-- ASSIGNMENT --
Going from the line that contains "MagSafe futrola za" through the last line of the records, set down each line again exactly, both included, with pictures left out.

Pictures with short captions:
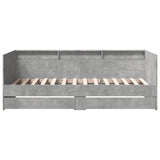 ZNTS Daybed with Drawers without Mattress Concrete Grey 100x200 cm 3280842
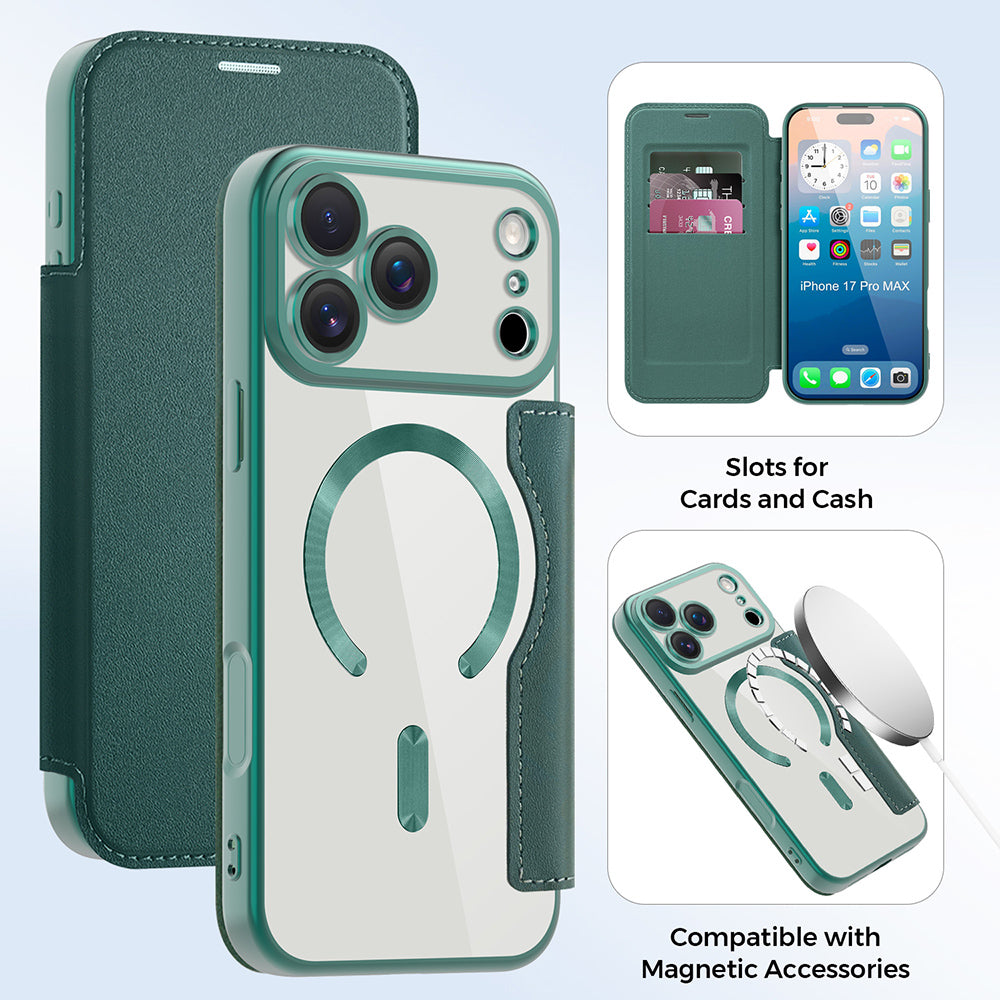 MagSafe futrola za Apple iPhone 17 Pro, Techsuit, SmartMag Book, Zelena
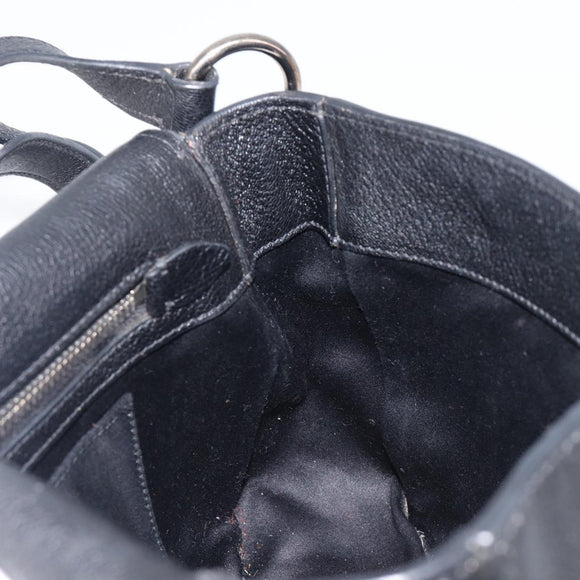Miu Miu Shoulder Bag Leather Black Silver Auth 200710A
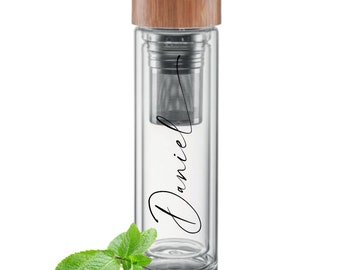 Personalized glass water bottle with name as a personal gift I thermos bottle I strainer I hot and cold drinks I bamboo lid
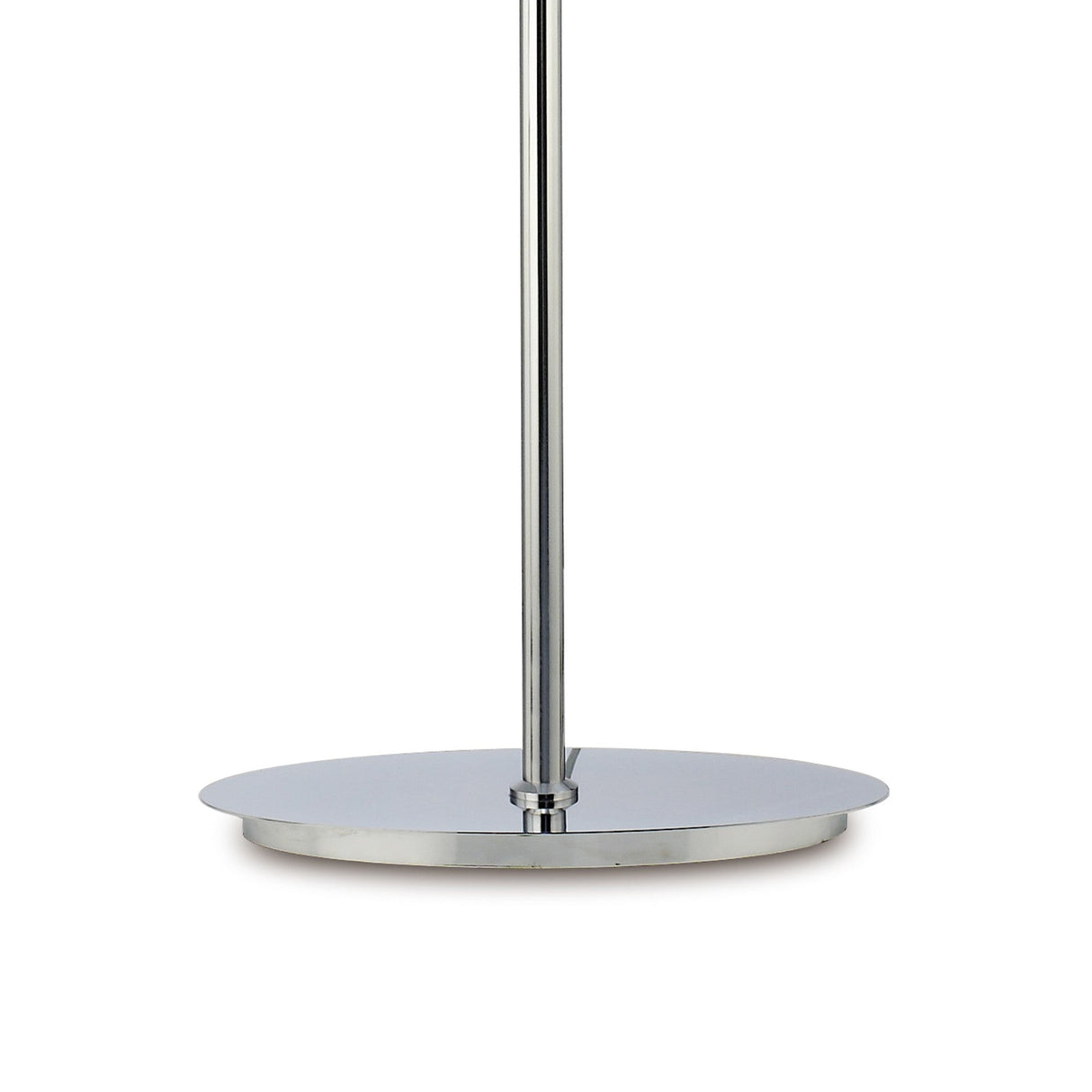 A close-up of the Fabio 4 Light Crystal Floor Lamp - Chrome (Without Shade) shows its shiny, round, polished chrome base with a vertical metal pole in the center, set against a plain white background.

-- REPLY TO THE EXERCISE --
 MagSafe futrola za Apple iPhone 17 Pro, Techsuit, SmartMag Book, Zelena
Miu Miu Shoulder Bag Leather Black Silver Auth 200710A
 Personalized glass water bottle with name as a personal gift I thermos bottle I strainer I hot and cold drinks I bamboo lid
 A close-up of the Fabio 4 Light Crystal Floor Lamp - Chrome (Without Shade) shows its shiny, round, polished chrome base with a vertical metal pole in the center, set against a plain white background.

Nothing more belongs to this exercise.